Le printemps arabe double les migrations vers l'Europe

AFP Publié le - Mis à jour le

International

Les autorités européennes ont intercepté pour les neuf premiers mois de 2011 pratiquement le double de migrants irréguliers qu'en 2010, les passages en mer vers l'Italie et Malte redevenant la principale voie d'accès, du fait du printemps arabe et du conflit libyen, a indiqué mercredi l'agence européenne Frontex.

Au total, 112.844 entrées irrégulières ont été détectées de janvier à septembre, contre 76.697 un an plus tôt, avec un pic en mars d'environ 20.000 interceptions, a précisé dans une conférence de presse à Athènes le directeur adjoint de l'Agence de surveillance des frontières extérieures de l'Union européenne, Gil Arias Fernandez.

En octobre toutefois, une reprise en main de la situation par les autorités tunisiennes et libyennes, ainsi que l'arrivée du mauvais temps, ont fait chuter de 97% les passages par cette route maritime du centre de la Méditerranée, par rapport à septembre.

En conséquence, le nombre des migrants irréguliers interceptés à l'autre porte d'entrée principale, la frontière turco-grecque, par où ont transité près d'un tiers des clandestins au cours des neuf premiers mois de l'année, a atteint en octobre, selon M. Fernandez, un "record absolu" de 9.600, soit 20% de plus qu'au même mois de 2010.

En moyenne, 300 migrants ont traversé quotidiennement et illégalement cette frontière en 2011, a-t-il relevé mettant notamment en cause "l'insuffisance des centres de détention" de migrants tant en Grèce qu'en Turquie et "l'absence ou les défaillances des accords de réadmission" avec les pays d'origine, au premier rang duquel l'Afghanistan.

Les conditions favorables offertes par la Turquie, qui n'exige pas de visa de ces ressortissants et met à leur disposition des vols soldés à destination d'Istanbul ont aussi incité nombre de Maghrébins à faire le détour par l'est pour rallier l'ouest européen, estime Frontex.
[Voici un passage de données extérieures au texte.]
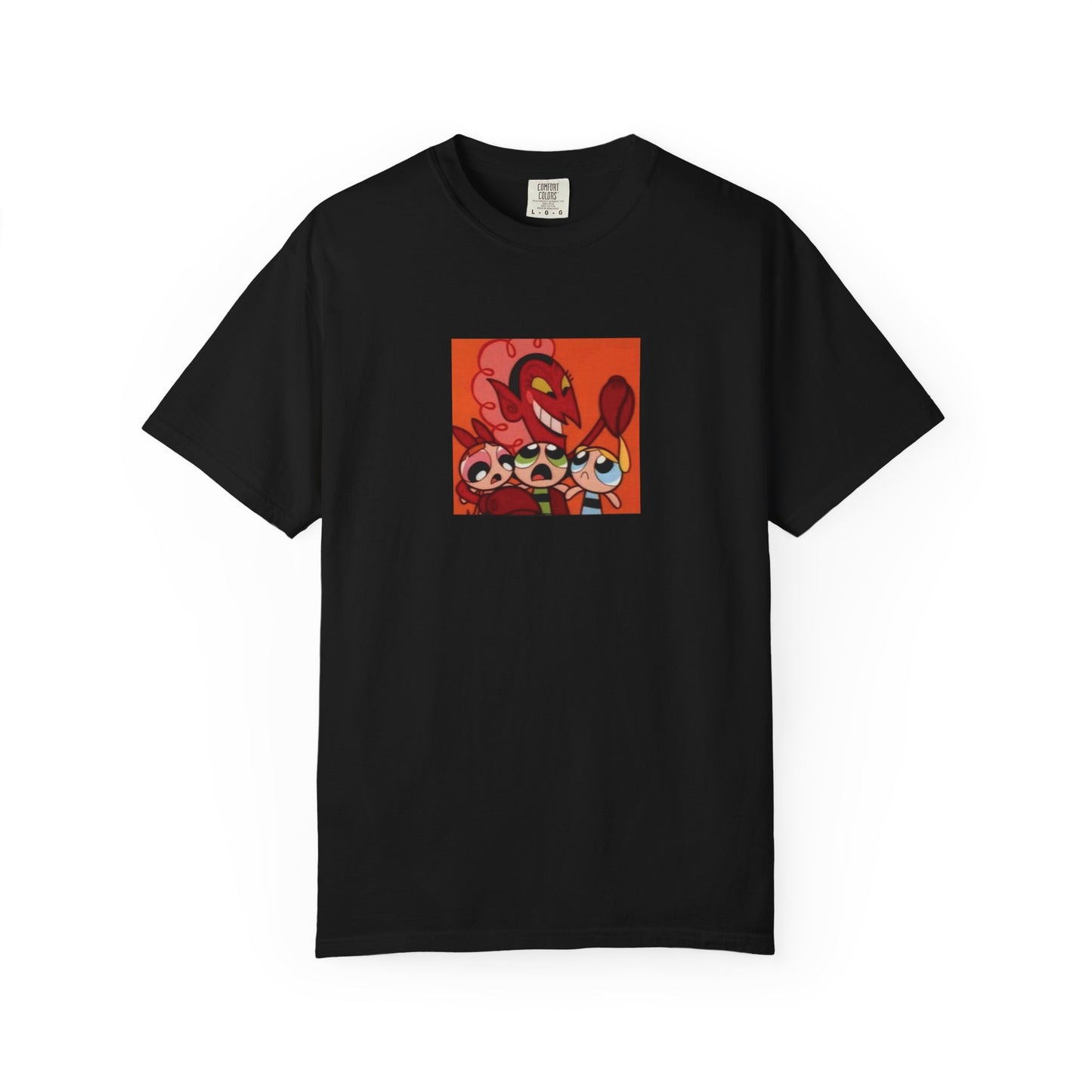 HIM, powerpuff girls t-shirt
L'agence a comptabilisé depuis janvier 2011 les arrivées illégales de 1.700 Algériens, 1.000 Marocains et 300 Tunisiens.

L'autre effet collatéral des tentatives européennes de fermer les routes habituelles a été l'ouverture d'un nouvel itinéraire, via Macédoine, Serbie et Hongrie jusqu'en Autriche, où les détections ont bondi de 35% sur les mêmes périodes de comparaison.

La libéralisation du système de visas imposé aux Albanais a par contre tari les arrivées irrégulières de ce pays, qui comptaient pour plus de la moitié des flux en Grèce ces dernières année.